Il n’est pas question d’un rapport d’application de la théorie dans la pratique, mais d’un “rapport d’intervention” de la théorie dans la pratique, d’investissement, de questionnement, d’adaptation. G. Malglaive apporte ainsi une nuance voire une rectification au sens de l’expression si souvent entendue du « savoir [qui] s’applique dans la pratique »(8). Le savoir théorique est alors un outil pour induire des hypothèses, pour surveiller des conséquences éventuelles. L’utilisation pratique de la théorie devient force de levier dans l’exploitation des situations professionnelles.

Parce que selon lui la pratique doit se servir de la théorie, la question de savoir si la pratique produit de la théorie est tout aussi importante(9).
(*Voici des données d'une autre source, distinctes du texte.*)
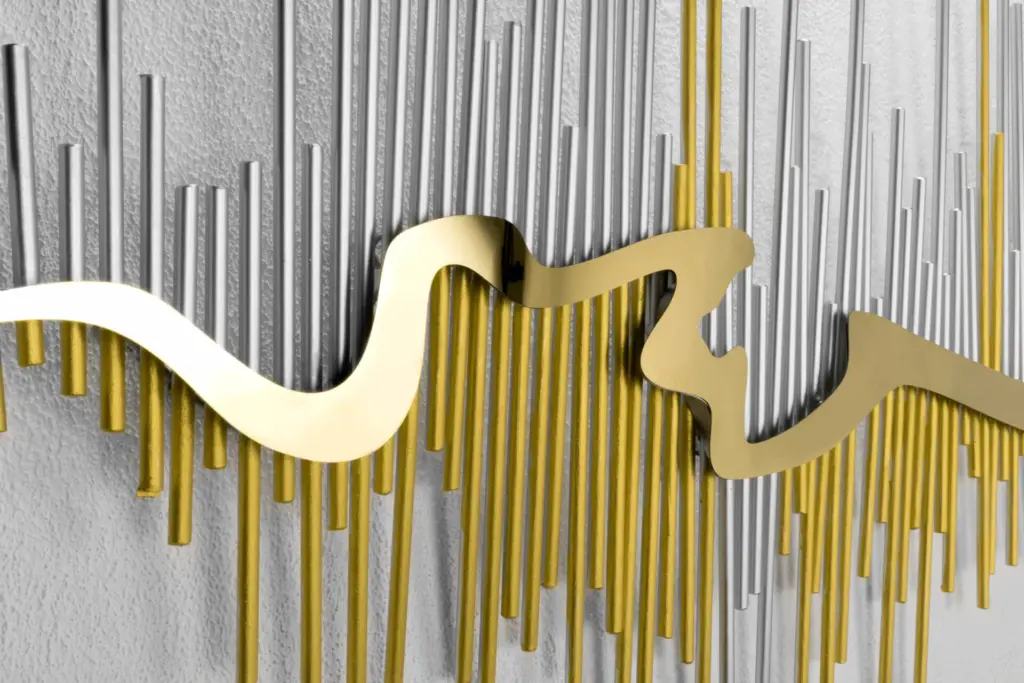 Detailed close up image of wall sculpture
Or celle-ci n’invite pas d’emblée à dialectiser… Ce qui permet de comprendre les efforts qui sont demandés aux professionnels dans l’exercice de l’analyse réflexive des situations de travail, les difficultés voire les réticences des praticiens à faire émerger de l’activité quotidienne les enseignements “enfouis”.

L’auteur défend aussi l’idée que la pratique est toujours plus complexe que ne peuvent le prévoir la théorie ou les procédures. Cela tient à la nature contingente du réel et de l’activité humaine ; la théorie ne peut anticiper tous les scenarios possibles. Aussi le savoir pratique devient-il responsable, opérant, compétent…
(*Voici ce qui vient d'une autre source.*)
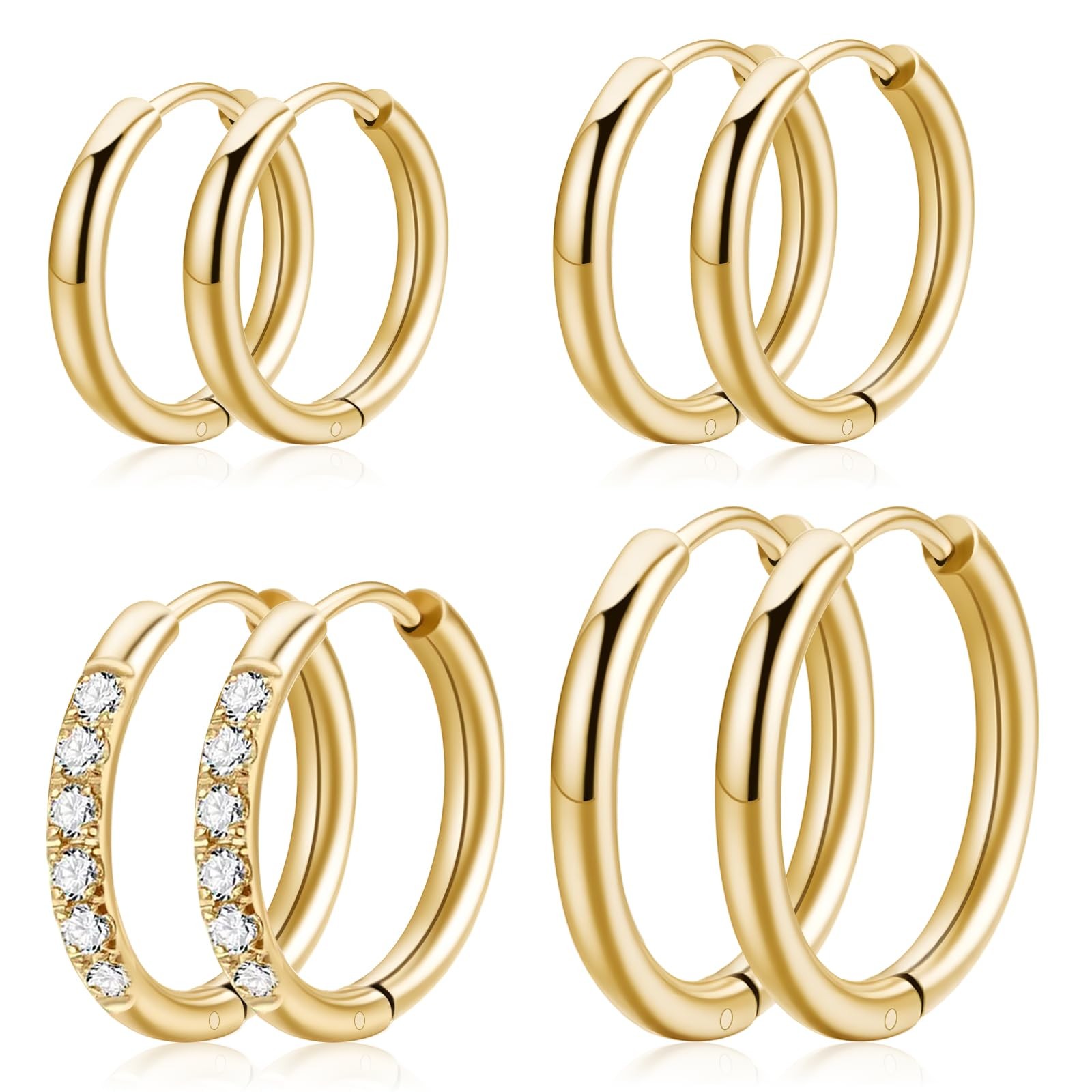 Small Gold Huggie Hoop Earrings Set for Women - 14K 1, - 6/8/10/12mm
La classification élaborée par G. Mal-glaive aboutit à distinguer de nombreuses catégories de savoirs parmi lesquelles le “savoir de la pratique” – ou “savoir en usage” – joue le rôle de chef d’orchestre vis-à-vis des autres savoirs : les savoirs théoriques qui disent ce qui est, les savoirs procéduraux qui dictent la manière de faire, les savoirs pratiques qui permettent l’opération de la tâche dans le réel et le savoir-faire qui indique la compétence détenue par un professionnel ou un groupe de professionnels(10).

Le défi qui s’annonce aujourd’hui à la formation infirmière est ainsi de formaliser les “savoirs de l’agir” qui sont au cœur du métier d’infirmier.

NOTES

(1) Référentiel de formation (annexe III de l’arrêté du 31 Juillet 2009 relatif au diplôme d’état d’infirmier)

(2) Beillerot J. (2000), « Le savoir, une notion nécessaire ». In : J Beillerot, Blanchard Laville C., Mosconi N. Formes et formations du rapport au savoir p. 19

(3) Ibid. p. 28

(4) In Fabre M. (2008) : « La pratique et le pragmatisme » (CREN)

(5) Beillerot J., p. 25

(6) Bernadou, A. [1996] (2004) : « Savoir théorique et savoirs pratiques. L’exemple médical ». In Barbier J.-M. Savoirs théoriques et savoirs d’action p 29

(7) Malglaive G. (1993) Enseigner à des adultes PUF Paris, dans le chapitre « Eléments d’analyse du savoir » p 70. Ingénieur engagé dans la formation des adultes, ancien dirigeant du centre de formation de formateurs du CNAM, aujourd’hui directeur du centre de formation d’apprentis « Ingénieurs 2000 ».